There was a fierce rumble. The hotel shook. Dust fell down the stairwell. “What was that?”

 

“Damn! Half the conference center just blew up. It was the overlook area where the demons broke in. That was huge. I think Milo just took the lead.”

 

“Right on.” Getting those particular pyromaniacs together was like a Discovery Channel show gone horribly wrong. The Mythbusters had nothing on our guys.

 

“I’m sending a couple of the men down to meet you. Skippy’s prepping the chopper. I hope you know what you’re doing, Owen.”

 

Not really. “Sure do. Don’t worry.” I thought about telling her about the baby, but quickly dismissed that thought. We needed to concentrate on not getting killed first, then talk about the future. Now I could understand why Earl hadn’t said anything. Normally it was the woman that knew about this sort of thing first. This was supposed to be happy news, not hey, we’re trapped in a nightmare dimension surrounded by demons and a nightmare creature that’s going to swallow our souls, but you’re pregnant! Yay! This sucked. Keep climbing. Keep your head in the game, Owen.
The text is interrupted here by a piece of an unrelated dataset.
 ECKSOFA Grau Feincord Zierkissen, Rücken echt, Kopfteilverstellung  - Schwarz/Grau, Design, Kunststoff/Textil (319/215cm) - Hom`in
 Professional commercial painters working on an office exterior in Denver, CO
I had to focus on the task at hand. Not my stupid foot, not fatherhood, but focus on beating the Nachtmar.

 

Beating him required getting his attention first. “I’ve got to talk to Earl.” I toggled through the channels and found the main band. It was chaos.

 

“Holding on two, but Kantrowitz is down.”

 

“Demons are stalled at the escalators. I don’t know who, but somebody’s flanked them.”

 

“There’s fifty of them at the conference side entrance. We can’t hold them. Falling back.”

 

“No, damn it. Belay that. This is Nate Shackleford. I’ll hold that side. We fail here and Russians will be stuck in the open. Don’t you dare move!” I’d never heard Nate so fired up before. He was a Shackleford after all. “Haights on me. Hold this fucking line until everyone is in!”

 

Every second counted. I had to get the Nachtmar’s attention away from the others, but if he knew what I was planning, he’d take me out before I was in position. I had to wait. My chest hurt. I could barely breathe, but I kept taking the steps three at a time. Abomination banged back on its sling against my back as I used my hands to pull myself up the railing. I listened to the radio chatter for several awful minutes. The world’s Hunters were taking a beating.

 

“We’ve got some of those acid-tank bastards coming through the hole.” Nate was shouting into his microphone. “Gregorius, I need more ammo for that fifty-cal.”

 

“Hang on, Shackleford. Omaha Stakes on the way to back you up. Shit! They’re coming through th—” Static.

 

The Hunters were losing.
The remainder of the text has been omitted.